Note that as many other AKS resources, the corresponding NSG is not controlled by Terraform. Instead, it's created by Azure indirectly (and asynchronously), so I treat it as data, not resource.
Also note that Azure will create and use its own NSG even if the AKS is created with a customary created VNet.
Depending on the particular region and the Azure API gateway, my team has seen up to 40 minute delay between having the AKS created and then the NSG resource visible in the node pool resource group.

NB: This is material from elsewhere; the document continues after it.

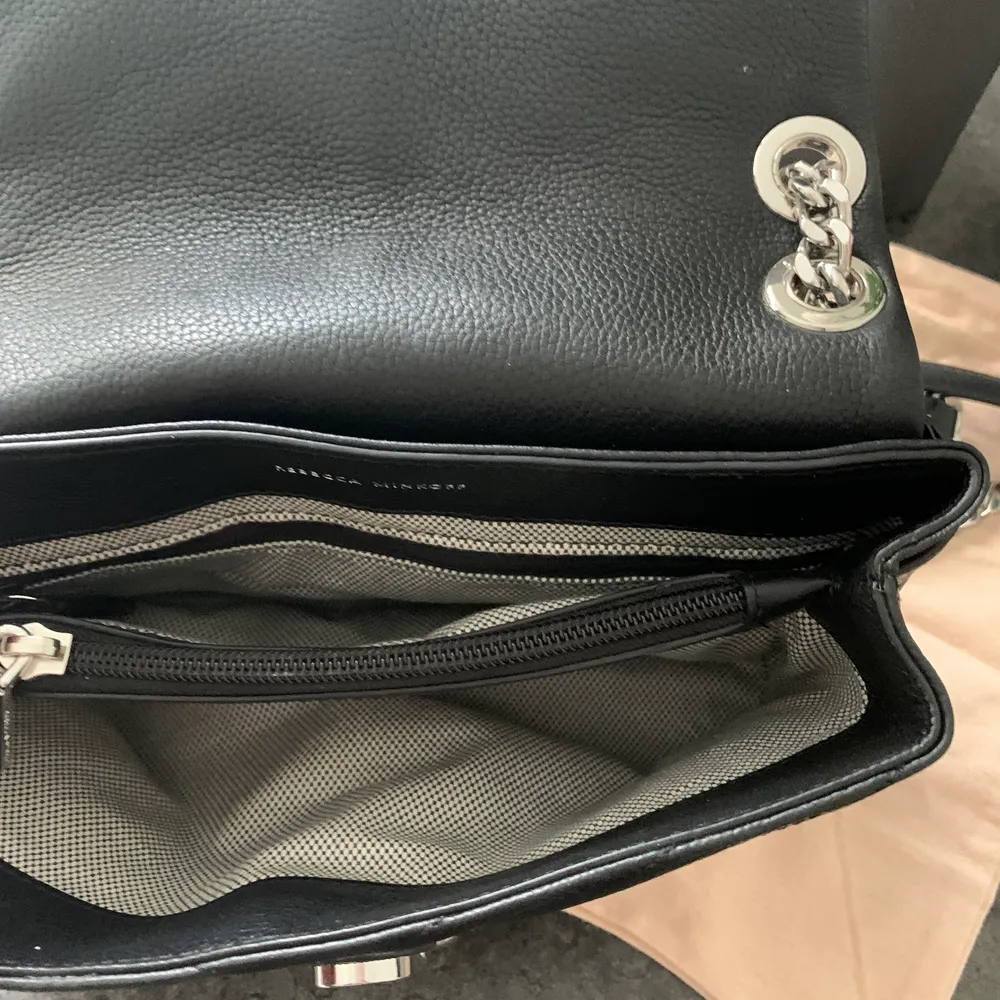 Säljer denna superfina svarta rebecca minkoff väskan! Den är i jättefint skick, köpt för 2500kr! . Accessoarer.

If I don't want my Terraform config to fail, I see 3 options:
Run a CLI script that waits for the NSG, make it a null_resource and depend on it
Implement the same with a custom provider
Have a really ugly workaround that implements a retry pattern - below is 10 attempts at 30 seconds each:
data "azurerm_resources" "my_nsg_1" {
resource_group_name = var.clusterNodeResourceGroup
type = "Microsoft.Network/networkSecurityGroups"
}
resource "time_sleep" "my_nsg_sleep1" {
count = length(data.azurerm_resources.my_nsg_1.resources) == 0 ? 1 : 0
create_duration = "30s"
triggers = {
ts = timestamp()
}
}
data "azurerm_resources" "my_nsg_2" {
depends_on = [time_sleep.my_nsg_sleep1]
resource_group_name = var.clusterNodeResourceGroup
type = "Microsoft.Network/networkSecurityGroups"
}
resource "time_sleep" "my_nsg_sleep2" {
count = length(data.azurerm_resources.my_nsg_1.resources) == 0 ? 1 : 0
create_duration = length(data.azurerm_resources.my_nsg_2.resources) == 0 ? "30s" : "0s"
triggers = {
ts = timestamp()
}
}
...
data "azurerm_resources" "my_nsg_11" {
depends_on = [time_sleep.my_nsg_sleep10]
resource_group_name = var.clusterNodeResourceGroup
type = "Microsoft.Network/networkSecurityGroups"
}
// Now azurerm_resources.my_nsg_11 is OK as long as the NSG was created and became visible to the current API Gateway within 5 minutes.
Note that Terraform doesn't allow resource repeating via the use of "for_each" or "count" at more than an individual resource level. In addition, because it resolves dependencies during the static phase, two sets of resource lists created with "count" or "for_each" cannot have dependencies at an individual element level of each other - you can only have one list depend on the other, obviously with no circular dependencies allowed.
E.g. my_nsg[count.index] cannot depend on my_nsg_delay[count.index-1] while my_nsg_delay[count.index] depends on my_nsg[count.index]
Hence this horrible non-DRY antipattern.
Is there a better declarative solution so I don't involve a custom provider or a script?